■ **Brief**
Please repeat exactly the lines below from the line with "antique axe collection of 3" to the line with "Clear Advantage Silicone", including both, and leave out every picture.

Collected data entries
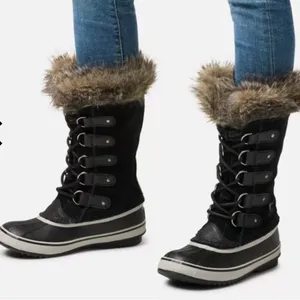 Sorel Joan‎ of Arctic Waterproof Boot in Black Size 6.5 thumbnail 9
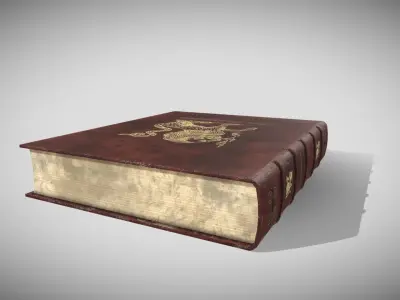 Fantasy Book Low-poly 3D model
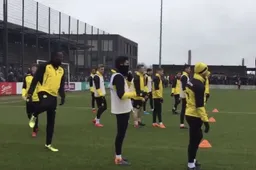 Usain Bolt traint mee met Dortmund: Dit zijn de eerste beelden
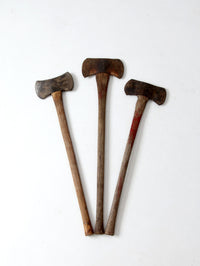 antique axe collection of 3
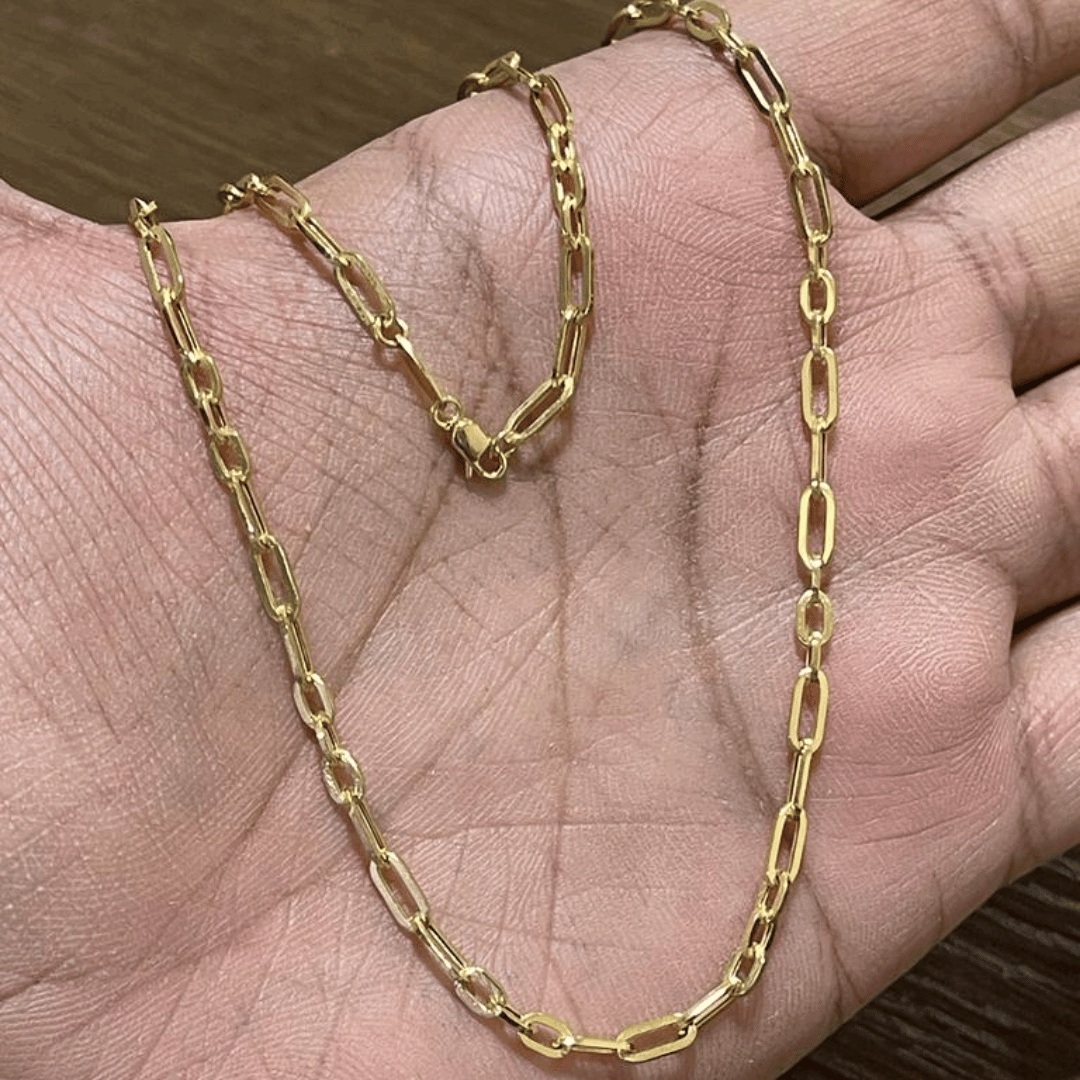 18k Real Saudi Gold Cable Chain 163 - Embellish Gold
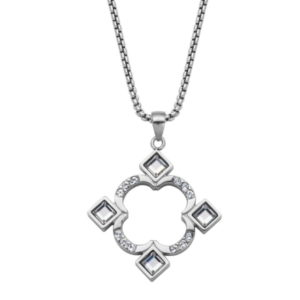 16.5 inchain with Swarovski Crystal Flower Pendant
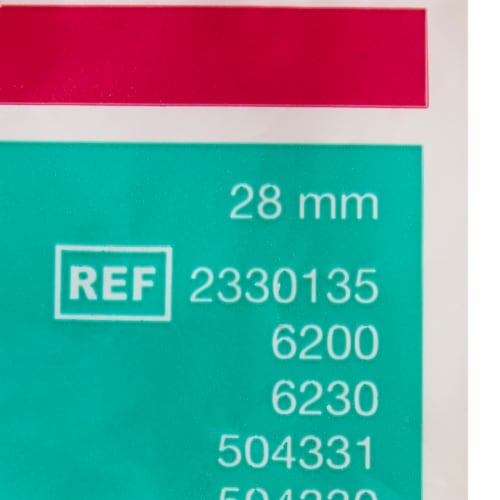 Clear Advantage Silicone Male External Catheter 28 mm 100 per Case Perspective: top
--
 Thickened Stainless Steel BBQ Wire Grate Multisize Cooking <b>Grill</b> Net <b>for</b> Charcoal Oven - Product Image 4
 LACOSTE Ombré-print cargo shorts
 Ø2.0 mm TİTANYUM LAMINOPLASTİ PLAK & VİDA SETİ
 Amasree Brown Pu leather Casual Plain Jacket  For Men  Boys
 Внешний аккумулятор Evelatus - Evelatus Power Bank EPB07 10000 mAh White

■ **Answer**
 antique axe collection of 3
 18k Real Saudi Gold Cable Chain 163 - Embellish Gold
 16.5 inchain with Swarovski Crystal Flower Pendant
 Clear Advantage Silicone Male External Catheter 28 mm 100 per Case Perspective: top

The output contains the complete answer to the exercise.